• [Problem description]: From the first line to the last, retype the records exactly without their images.
** Opening Supplied data block **
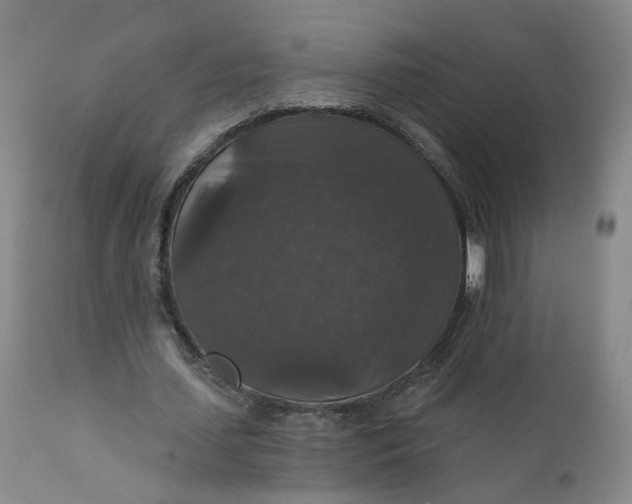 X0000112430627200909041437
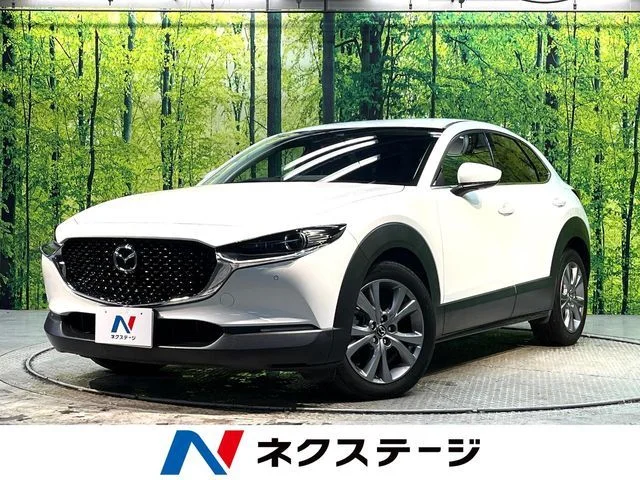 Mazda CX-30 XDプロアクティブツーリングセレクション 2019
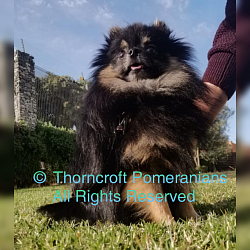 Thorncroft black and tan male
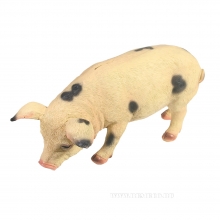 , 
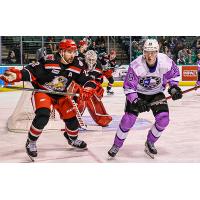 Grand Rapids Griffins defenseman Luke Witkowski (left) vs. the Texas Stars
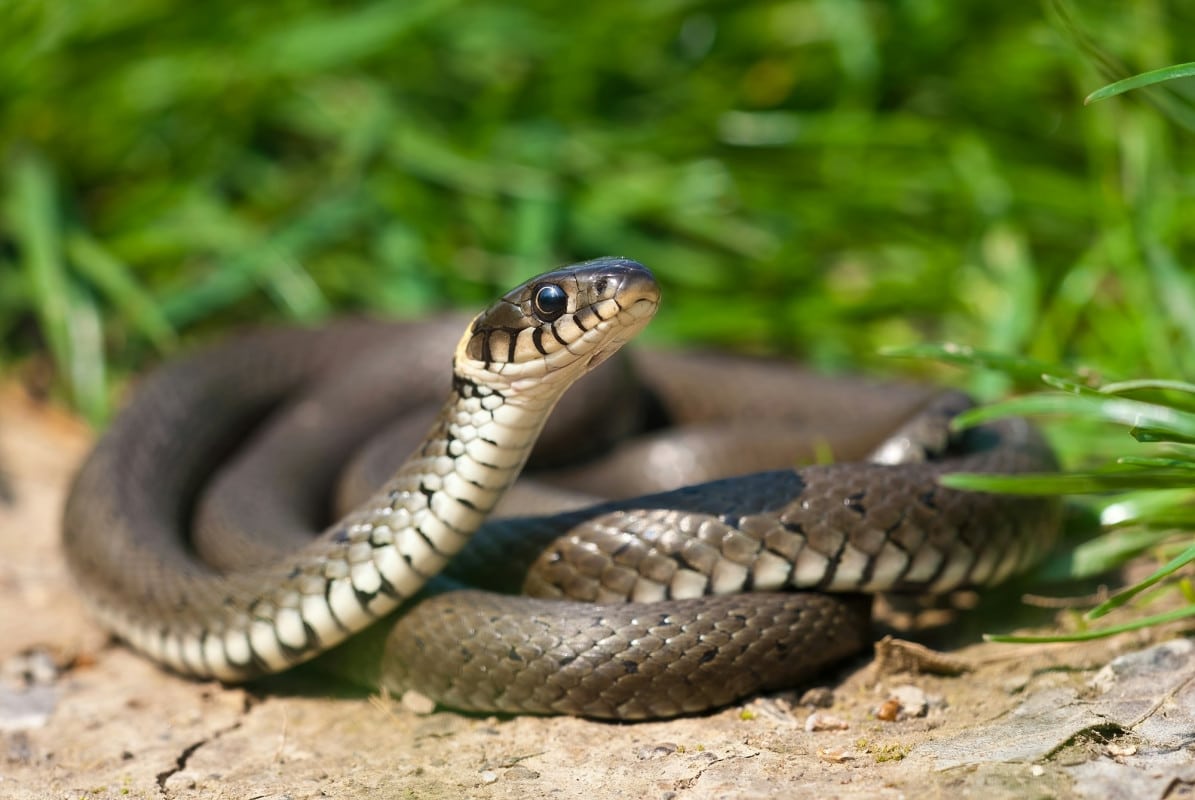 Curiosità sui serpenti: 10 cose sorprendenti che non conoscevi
** Closing Supplied data block **
• [Solution for this exercise]:
 X0000112430627200909041437
 Mazda CX-30 XDプロアクティブツーリングセレクション 2019
 Thorncroft black and tan male
 , 
 Grand Rapids Griffins defenseman Luke Witkowski (left) vs. the Texas Stars
 Curiosità sui serpenti: 10 cose sorprendenti che non conoscevi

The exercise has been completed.